We went through a lot to have our precious little girl here with us today. Years of trying to conceive and fertility treatments. An emergency c-section at 36 weeks. A horrifying experince when she was 7 weeks that almost took her from us. Through all of this, I think gratitude and appreciation came easy to us. Every moment with her is a blessing. Even when I'm frustrated at yet ANOTHER piece of food being flung accross the room.
But I won't lie, there are times when I'm exhausted and patience isn't what it should be. There are times when she's crying in the middle of the night for the fourth night in a row and I lie there begging for her to go back to sleep. There are times when I am exasperated at the screaming during our very short car ride home.
But today, tragically, I am reminded again about how truly blessed we are.

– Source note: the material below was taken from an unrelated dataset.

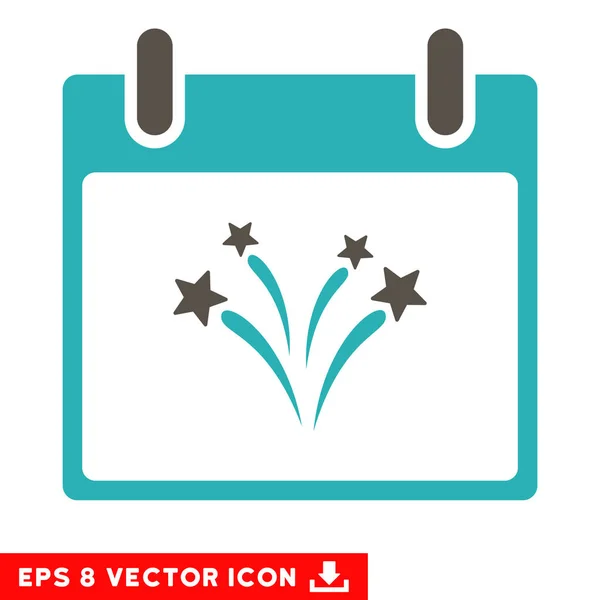 Fireworks Calendar Day Vector Eps Icon — Stock Vector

Today when I got home to my sweet little monkey...we danced. We sang...and we danced. She really loves to dance these days and most evenings we spend our time dancing...all of us...dancing. She closes her eyes and waves her head back and forth to the music and then she turns herself in circles, dancing... and clapping... and smiling. These are very special moments for us, but tonight, they were a little extra special.
Squeeze your babies a little longer, a little tighter, appreciate the simple things and revel in the special moments. Let the kids decorate the Christmas Tree, even if it doesn't look perfect, let them dress themselves in the morning, even if their outfit doens't match, let them have ice cream for breakfast... just this once.
Fill the universe with light and love and laughter so the angel babies who were taken from their families today can find their way home into the loving arms waiting for them.